I save best quality in photoshop (in the compressed format) and then optimize in a WebOptX (used to use Image Optimizer, but for the most part it doesn't optimize as good).

I use GIF for less colors, JPG for bitmaps like real life pictures.

Poxicator
04-13-2007, 04:46 AM
Gig is excellent for flat colours, jpg for photographs.
I often optimise direct from Photoshop (save for web) or jump into ImageReady. I always go for highest settings as I'm not a fan of image degradation.

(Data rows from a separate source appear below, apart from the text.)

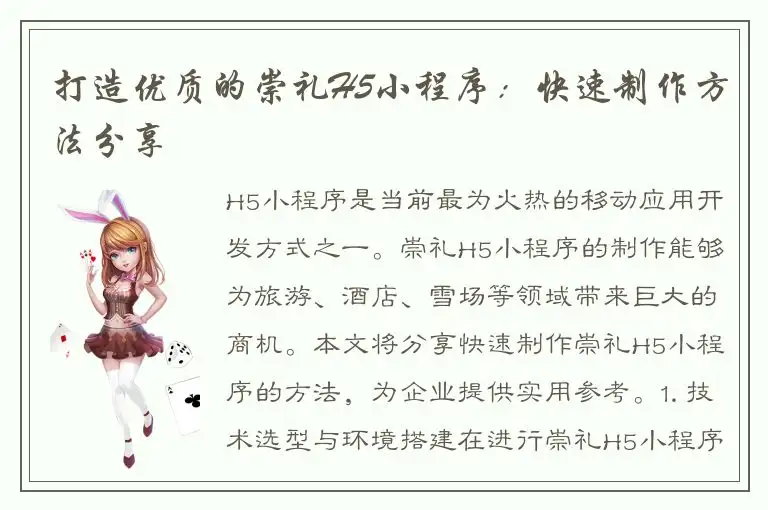 打造优质的崇礼H5小程序：快速制作方法分享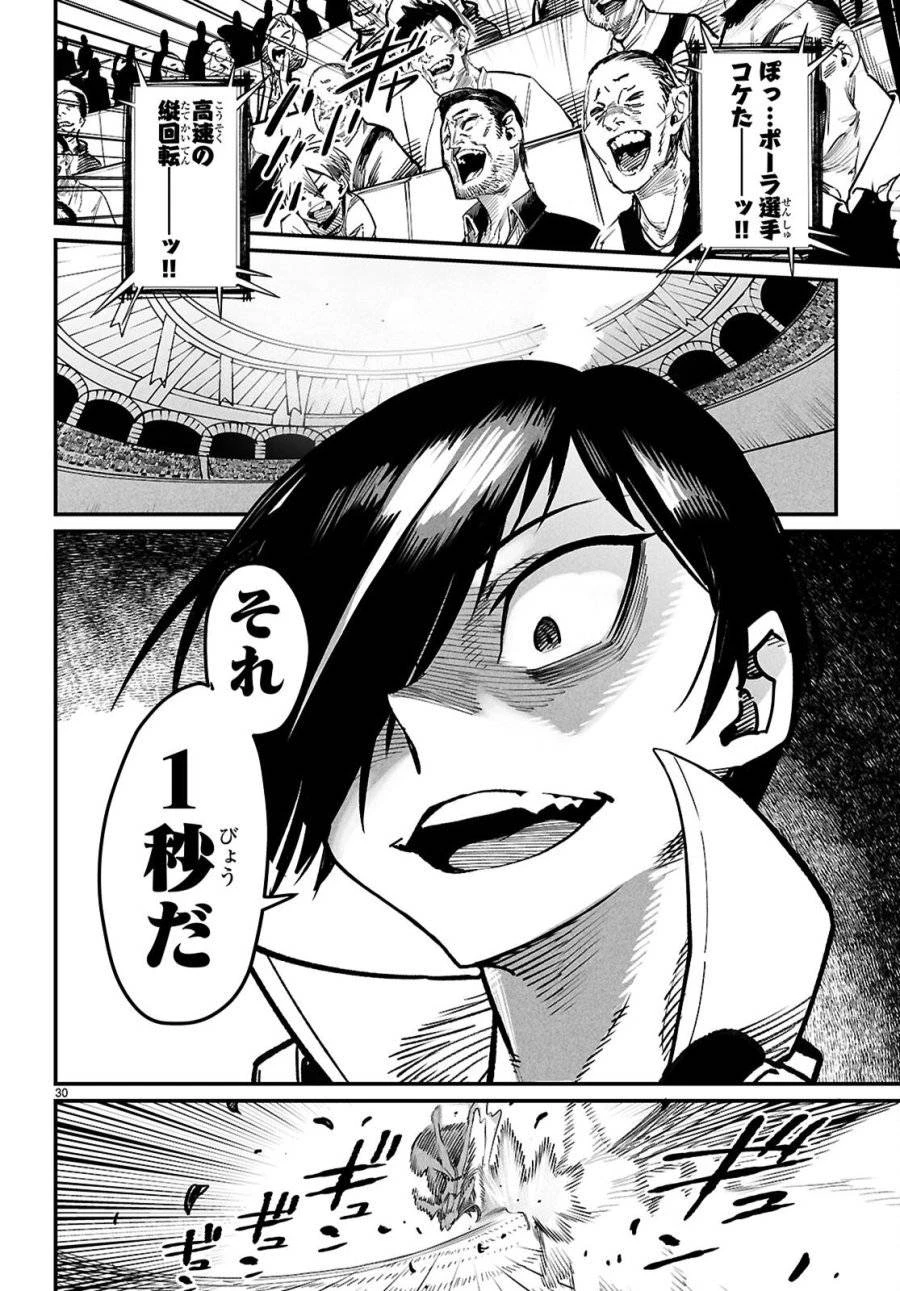 転生コロシアム 第30話 - 30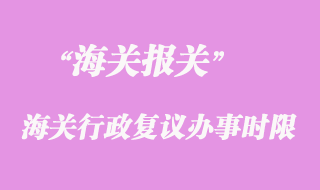 海关行政复议办事时限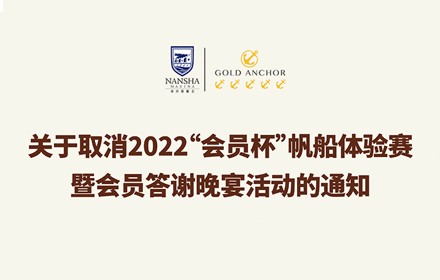 關于取消2022“會員杯”帆船體驗賽暨會員答謝晚宴活動的通知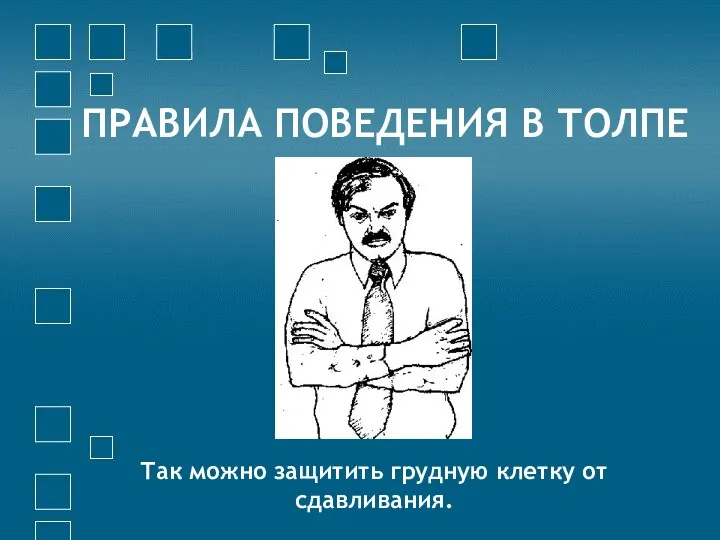 ПРАВИЛА ПОВЕДЕНИЯ В ТОЛПЕ Так можно защитить грудную клетку от сдавливания.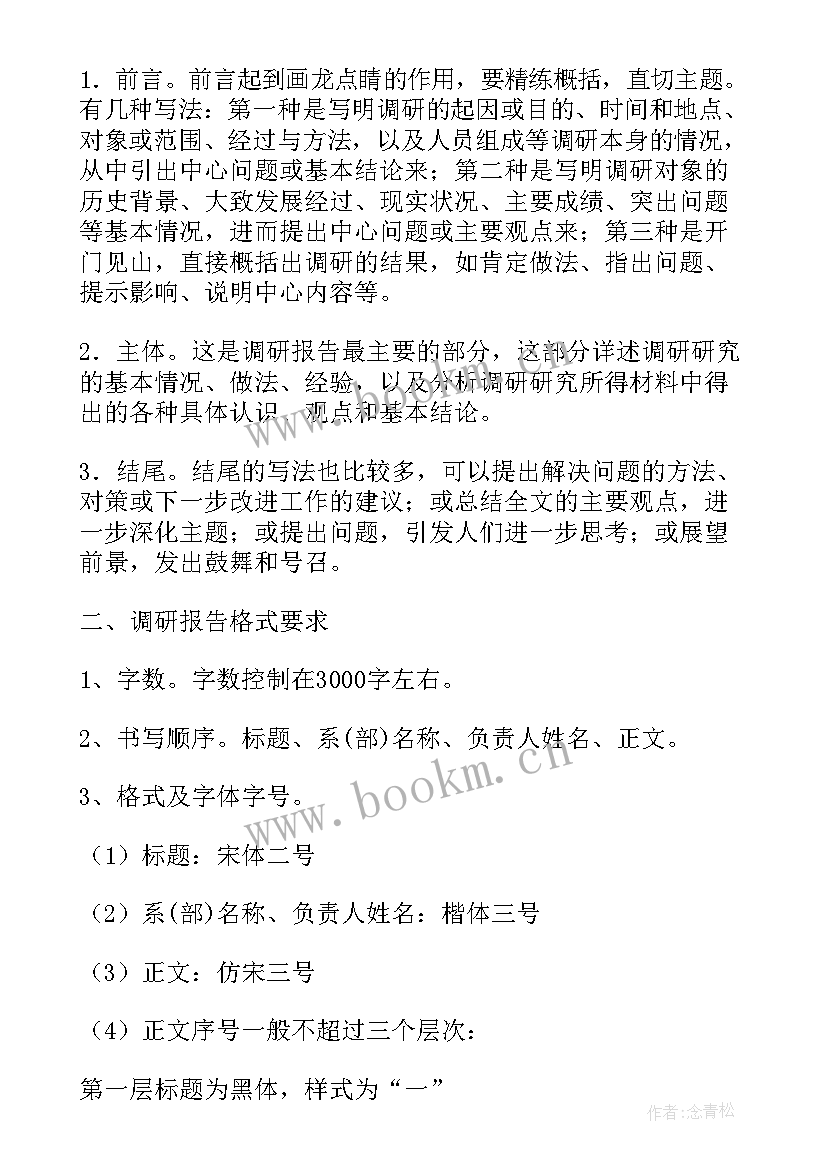 2023年调研报告字体格式要求 调研报告要求及格式说明介绍(精选5篇)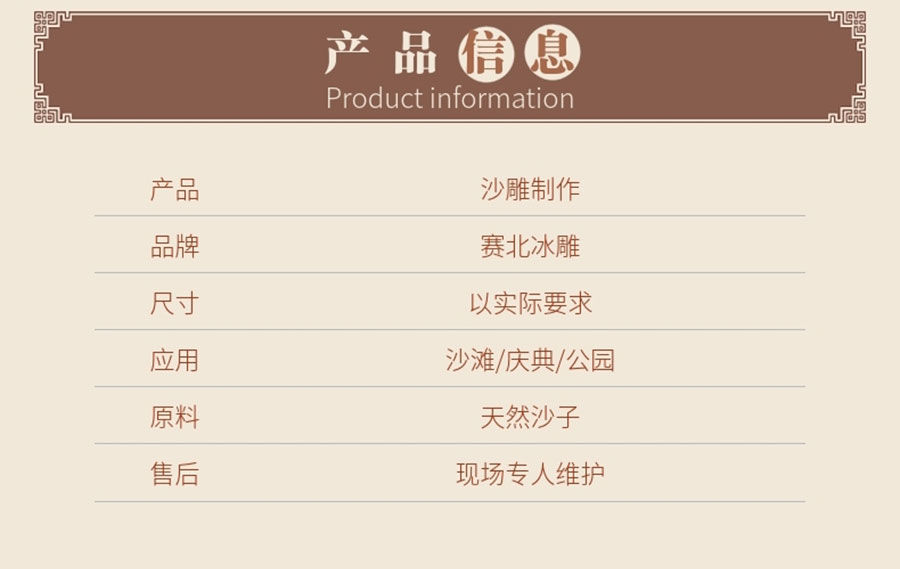 20191012_稿定设计导出_295749_combine_1570866735_04.jpg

what benefits does WebOptX give? not tried that.

KDLA
04-16-2007, 09:00 AM
From my experience, it isn't the program that determines the quality of optimization, but the user. If you pick the right file types and compression rates, you'll get good results, no matter what the program. ;)

aPerson
04-18-2007, 02:56 AM
I was talking more about sites like this: http://www.fishmarketing.net/ that rely on images for design

So you guys think now in this day and age it's ok to make load times for 56K 5 seconds or more? What's acceptable?

WebJoel
04-18-2007, 11:54 AM
I was talking more about sites like this: http://www.fishmarketing.net/ that rely on images for design

So you guys think now in this day and age it's ok to make load times for 56K 5 seconds or more? What's acceptable? 8-10 seconds at 56K is a very good target for download speed. There is visitor drop-off that become drastic after 10+ seconds waiting for content to show. Basically, try to keep the page-size 'arouind 30-K' or less. This can be difficult with more than just a couple of images, so you want the images to be, yes, optimized, and state the width & height so the browser can allocate that much space for the image to download into, and can move on populating the page with other content.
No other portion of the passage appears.